*EXERCISE BRIEF*.
For this exercise, retype each line of the material below verbatim and omit any picture.

*DATA BELOW*.
=== Begin Enclosure ===

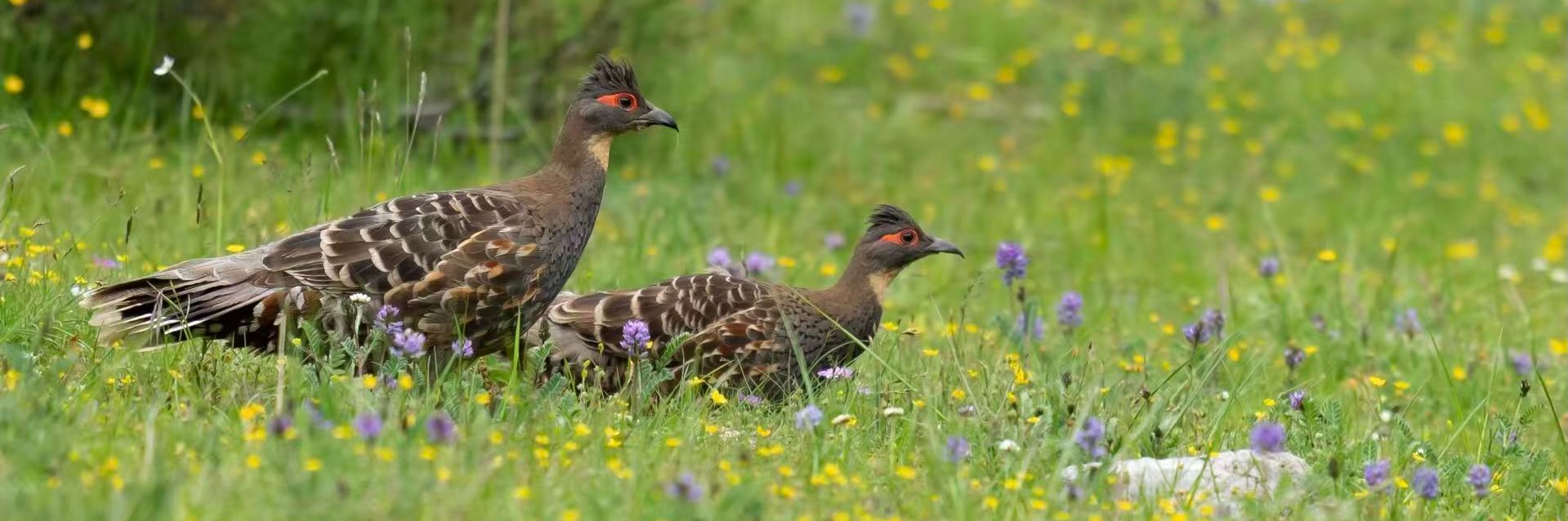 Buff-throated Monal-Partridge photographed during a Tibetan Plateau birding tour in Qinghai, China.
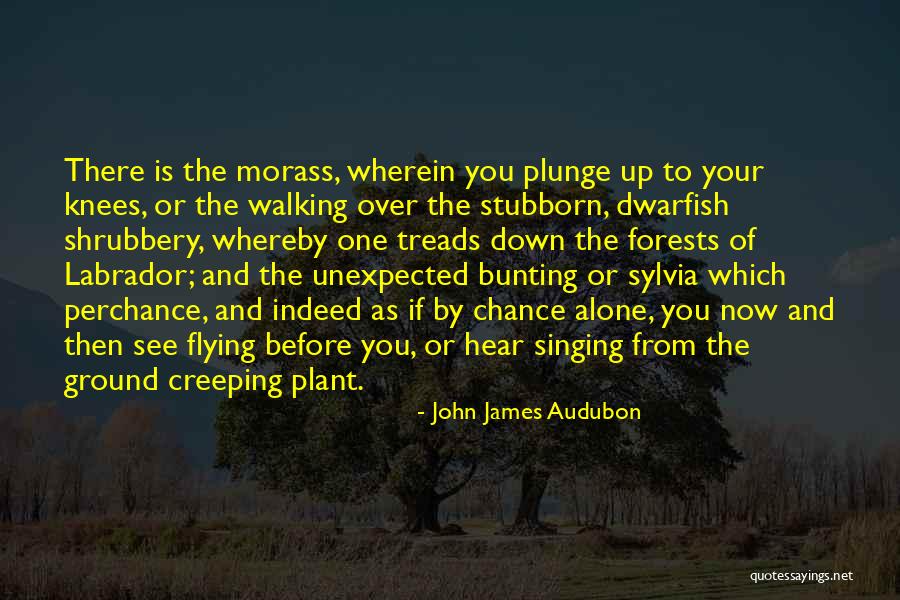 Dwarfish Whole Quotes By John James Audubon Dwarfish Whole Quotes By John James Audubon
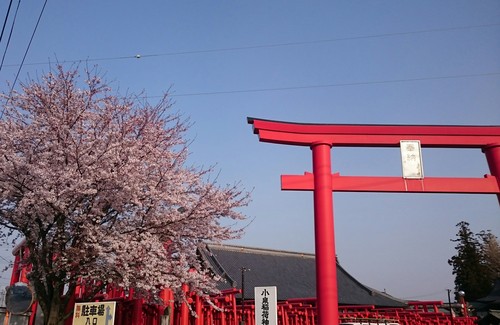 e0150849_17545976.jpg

=== End Enclosure ===

*EXERCISE SOLUTION*.
 Buff-throated Monal-Partridge photographed during a Tibetan Plateau birding tour in Qinghai, China.
 Dwarfish Whole Quotes By John James Audubon Dwarfish Whole Quotes By John James Audubon
 e0150849_17545976.jpg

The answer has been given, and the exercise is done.